/ml_project1

Primary LanguageJupyter Notebook

midterm project for Alex Grigoriev ML Zoomcamp

I Initially aimed to use some dataset with weather data, which is a topic I am personally interested in but data engineering was a bit of a pain given the short time to develop this project. I decided to try a simpler dataset, which I found in the link below. It includes some weather data, but it is mostly limited to temperature and humidity sensors. The final model is not very accurate, but I focused more on following all the steps described in the course up to now rather than getting a perfect model.

Note that the scripts were written in Linux, I have not tested this under Windows (since I do not have access to Windows machine)

Project

Appliances energy prediction

Data set Predict appliance consumption from 10 min measurements over 4.5 months inside a house, where temperature and humidity conditions were monitored with a ZigBee wireless sensor network. The energy data was logged every 10 minutes with m-bus energy meters.

Weather data is included, taken from the nearest airport weather station (Chievres Airport, Belgium). I doubt such data will have much effect on the prediction, since it is measured outside of the room and the number of sensors inside (9 each for temp and humidity) is far greater.

Two random variables were also included in the data set for testing the regression models and to filter out non predictive attributes (parameters). Not sure what the hell this means, haven't read the paper!

EDA and model development

Included in jupyter notebook. Please see file EDA_and_model_selection.ipynb for details. Final model is trained there and saved in a pickle file.

Deployment

The requirements are included in Pipfile and Pipifile.lock Use pipenv to activate environment with pipenv shell In order to test the models many features have to be given. For the streamlit option below some values were hard coded.

For the Fastapi version all values can be given.

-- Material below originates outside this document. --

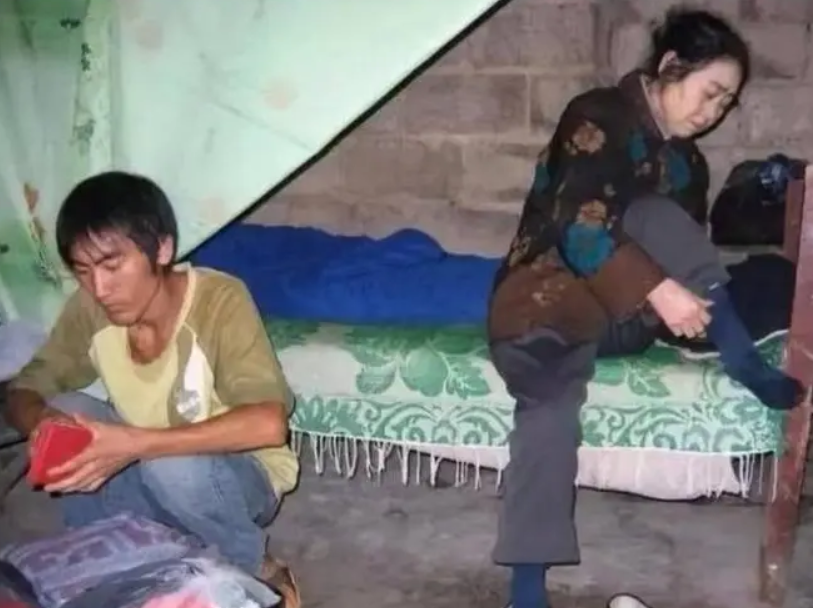 19岁背“疯母”千里求学，贵州第一孝子刘秀祥，后来成了副书记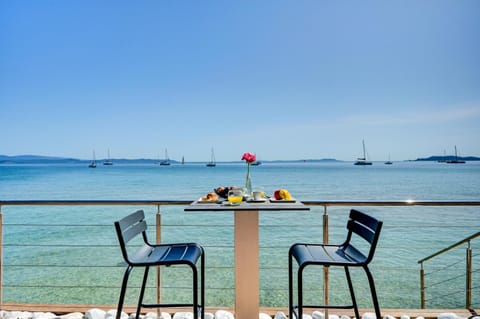 Natural landscape, Beach, Sea view, Breakfast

To get more up-to-date data from the weather station near the location where the model was trained a script do download data from Weather underground is included in scrap_weather_data (if the user wishes to test that). Note this needs access selenium installed and the appropriate path to the chrome driver.

There are two options for running the model.

Fast api

This one is local, using the provided Dockerfile and a fast-api webapp.

To run the app locally use the main.py file python main.py and open the localhost indicated in link Then open: http://0.0.0.0:9696/docs

To test, use the example images in short_tut_fapi as a guide. You need to open the "MEASUREMENTS" tab and click on "Try out" Then type a dictionary with values in "body", as image 3 shows. Then you go down to POST and click on Execute. The result will show up in "Response body", as image 6 shows.

To run the app in a container, first build the container using build_image.sh

Then run the container using run_docker.sh It will show the same as the local above.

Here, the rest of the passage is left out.